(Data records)
---

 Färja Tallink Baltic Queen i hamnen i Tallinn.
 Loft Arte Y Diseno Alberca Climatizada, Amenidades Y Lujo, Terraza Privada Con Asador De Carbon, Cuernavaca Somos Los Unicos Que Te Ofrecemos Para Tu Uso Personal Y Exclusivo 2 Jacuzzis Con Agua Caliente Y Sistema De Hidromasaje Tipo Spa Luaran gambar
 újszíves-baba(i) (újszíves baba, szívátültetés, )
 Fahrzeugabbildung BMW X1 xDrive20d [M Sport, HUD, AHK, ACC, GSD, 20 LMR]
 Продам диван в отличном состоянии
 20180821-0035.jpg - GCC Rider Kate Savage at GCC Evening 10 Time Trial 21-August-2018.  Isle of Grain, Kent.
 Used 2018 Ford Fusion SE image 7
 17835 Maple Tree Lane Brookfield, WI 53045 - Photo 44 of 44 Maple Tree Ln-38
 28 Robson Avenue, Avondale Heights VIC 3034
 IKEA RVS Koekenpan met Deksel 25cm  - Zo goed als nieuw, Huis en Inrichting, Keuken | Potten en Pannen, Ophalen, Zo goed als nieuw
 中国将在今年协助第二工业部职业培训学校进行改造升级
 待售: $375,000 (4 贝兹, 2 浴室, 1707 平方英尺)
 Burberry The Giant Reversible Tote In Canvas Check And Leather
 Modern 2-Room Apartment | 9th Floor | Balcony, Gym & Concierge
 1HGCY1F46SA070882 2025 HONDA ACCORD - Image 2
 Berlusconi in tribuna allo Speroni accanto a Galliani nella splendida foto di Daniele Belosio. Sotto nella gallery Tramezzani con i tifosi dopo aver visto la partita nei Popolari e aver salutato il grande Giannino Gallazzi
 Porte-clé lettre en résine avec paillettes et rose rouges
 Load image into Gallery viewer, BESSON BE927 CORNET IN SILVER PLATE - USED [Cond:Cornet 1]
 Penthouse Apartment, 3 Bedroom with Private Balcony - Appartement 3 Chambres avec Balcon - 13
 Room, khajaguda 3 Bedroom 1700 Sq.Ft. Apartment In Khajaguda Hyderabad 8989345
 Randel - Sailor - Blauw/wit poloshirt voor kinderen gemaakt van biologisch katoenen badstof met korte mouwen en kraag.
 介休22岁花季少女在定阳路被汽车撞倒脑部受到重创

---

** Task to carry out **
Every entry must be output again, exactly as written above.

** Answer to this exercise **
 Färja Tallink Baltic Queen i hamnen i Tallinn.
 Loft Arte Y Diseno Alberca Climatizada, Amenidades Y Lujo, Terraza Privada Con Asador De Carbon, Cuernavaca Somos Los Unicos Que Te Ofrecemos Para Tu Uso Personal Y Exclusivo 2 Jacuzzis Con Agua Caliente Y Sistema De Hidromasaje Tipo Spa Luaran gambar
 újszíves-baba(i) (újszíves baba, szívátültetés, )
 Fahrzeugabbildung BMW X1 xDrive20d [M Sport, HUD, AHK, ACC, GSD, 20 LMR]
 Продам диван в отличном состоянии
 20180821-0035.jpg - GCC Rider Kate Savage at GCC Evening 10 Time Trial 21-August-2018.  Isle of Grain, Kent.
 Used 2018 Ford Fusion SE image 7
 17835 Maple Tree Lane Brookfield, WI 53045 - Photo 44 of 44 Maple Tree Ln-38
 28 Robson Avenue, Avondale Heights VIC 3034
 IKEA RVS Koekenpan met Deksel 25cm  - Zo goed als nieuw, Huis en Inrichting, Keuken | Potten en Pannen, Ophalen, Zo goed als nieuw
 中国将在今年协助第二工业部职业培训学校进行改造升级
 待售: $375,000 (4 贝兹, 2 浴室, 1707 平方英尺)
 Burberry The Giant Reversible Tote In Canvas Check And Leather
 Modern 2-Room Apartment | 9th Floor | Balcony, Gym & Concierge
 1HGCY1F46SA070882 2025 HONDA ACCORD - Image 2
 Berlusconi in tribuna allo Speroni accanto a Galliani nella splendida foto di Daniele Belosio. Sotto nella gallery Tramezzani con i tifosi dopo aver visto la partita nei Popolari e aver salutato il grande Giannino Gallazzi
 Porte-clé lettre en résine avec paillettes et rose rouges
 Load image into Gallery viewer, BESSON BE927 CORNET IN SILVER PLATE - USED [Cond:Cornet 1]
 Penthouse Apartment, 3 Bedroom with Private Balcony - Appartement 3 Chambres avec Balcon - 13
 Room, khajaguda 3 Bedroom 1700 Sq.Ft. Apartment In Khajaguda Hyderabad 8989345
 Randel - Sailor - Blauw/wit poloshirt voor kinderen gemaakt van biologisch katoenen badstof met korte mouwen en kraag.
 介休22岁花季少女在定阳路被汽车撞倒脑部受到重创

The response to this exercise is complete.